When in doubt, follow the money…
This is a long article, but well researched and with footnoted links. Pilot retention is an issue service wide, and becoming MORE of an issue in the Navy as deployments lengthen, with less time between deployments, due to carrier force shrinkage.
Military aviation has always been on a seven year cycle, either leading or lagging the curve, based on various progressions. There have been a number of discussions in a couple of groups I’m in, and this article gives probably the best ‘overview’, if you will, of the issue.
Without qualified and experienced TacAir pilots (strike fighter/electronic attack), global air superiority is in jeopardy, regardless of the aircraft technology. Today, the main competitor for those pilots is the airline industry. It is the easiest adversary the Navy has ever faced, yet it is losing the battle. Why are people doing a job most have dreamed about their whole lives so willing to walk away?
The full article is HERE, from the January issue of Proceedings.
One of the better comments, in one thread was this one, bold is mine- The fact of the matter is this: Being a Naval Aviator (and NFO) is a tough job. Long hours, plenty of sea time and little, if any, real family life. And, if everything goes swimmingly well you’re still done at 20 or 25 years. And then what? You start over in civil life – at the bottom or mid-ranks.
I look at some of my former squadron mates… some have gone to the airlines and they like it. Several others have started their own businesses, or become very successful executives OUTSIDE of aviation and done very well… think seven figures per year kinda well. They learned a lot as a JO!
For many, the fun of flying an F-18 goes away after a few years… The “One mistake Navy” is risky, too. No guarantees of a long career... Finally, there are other things to achieve in life which makes it hard for the Navy to compete with just money alone.

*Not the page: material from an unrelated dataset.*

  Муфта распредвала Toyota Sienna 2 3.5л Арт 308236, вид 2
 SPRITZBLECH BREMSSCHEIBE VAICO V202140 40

Stay or go? Same conversation we’ve been having for 20+ years.
The biggest change from ‘my’ service days is the “One mistake Navy”… THAT wasn’t something we had to deal with. As more pushes occur for ‘UAVs’ off the carrier and in other military endeavours, there is less support for funding. Manpower has always been expensive, and always will be, but as a percentage of the military budget, it’s stayed fairly stable. I don’t have a good answer, other than to say updated the damn compensation, otherwise, all those millions/billions of dollars of acft aren’t worth a pot to piss in, if there are no pilots to fly them, or leaders to lead them…
Kicking the soapbox back in the corner… Sigh.